---
title: "Getting Started with contentValidity"
output: rmarkdown::html_vignette
vignette: >
  %\VignetteIndexEntry{Getting Started with contentValidity}
  %\VignetteEngine{knitr::rmarkdown}
  %\VignetteEncoding{UTF-8}
---

```{r, include = FALSE}
knitr::opts_chunk$set(
  collapse = TRUE,
  comment = "#>"
)
```

```{r setup}
library(contentValidity)
```

## Background

When developing a new questionnaire, scale, or test, researchers typically
ask a panel of subject-matter experts to rate each candidate item for
relevance to the construct being measured. The expert ratings are then
summarized into **content validity indices** that quantify how well the
items represent the intended construct.

The `contentValidity` package implements the standard set of content
validity indices used in nursing, education, psychology, and health
sciences research:

- **I-CVI** — Item-level Content Validity Index (Lynn, 1986)
- **S-CVI/Ave** — Scale-level CVI, average method (Polit & Beck, 2006)
- **S-CVI/UA** — Scale-level CVI, universal agreement (Polit & Beck, 2006)
- **Modified κ\*** — I-CVI adjusted for chance agreement
  (Polit, Beck, & Owen, 2007)
- **Aiken's V** — uses the full rating scale (Aiken, 1985)
- **Lawshe's CVR** — Content Validity Ratio for "essential" judgments
  (Lawshe, 1975), with corrected critical values from Wilson, Pan, and
  Schumsky (2012)

## The example dataset

The package ships with `cvi_example`, a simulated set of expert ratings for
a 10-item depression screening instrument, with 6 expert raters using a
4-point relevance scale (1 = not relevant, 4 = highly relevant).

```{r}
data(cvi_example)
head(cvi_example)
```

## Item-level analysis

The simplest place to start is `icvi()`, which gives the proportion of
experts rating each item as 3 or 4:

```{r}
icvi(cvi_example)
```

By Polit and Beck (2006), I-CVI ≥ 0.78 is considered excellent with six or
more experts.
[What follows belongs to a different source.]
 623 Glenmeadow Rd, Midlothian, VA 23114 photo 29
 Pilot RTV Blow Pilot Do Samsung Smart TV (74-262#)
Items 5 and 9 in our example (0.67 and 0.50) would be flagged
for revision.

Plain I-CVI doesn't correct for chance agreement. With small panels, a
high I-CVI can be partly luck. **Modified kappa** addresses this:

```{r}
mod_kappa(cvi_example)
```

Notice that item 9 drops sharply (0.50 → 0.27) — its I-CVI was inflated
by chance agreement among only six raters.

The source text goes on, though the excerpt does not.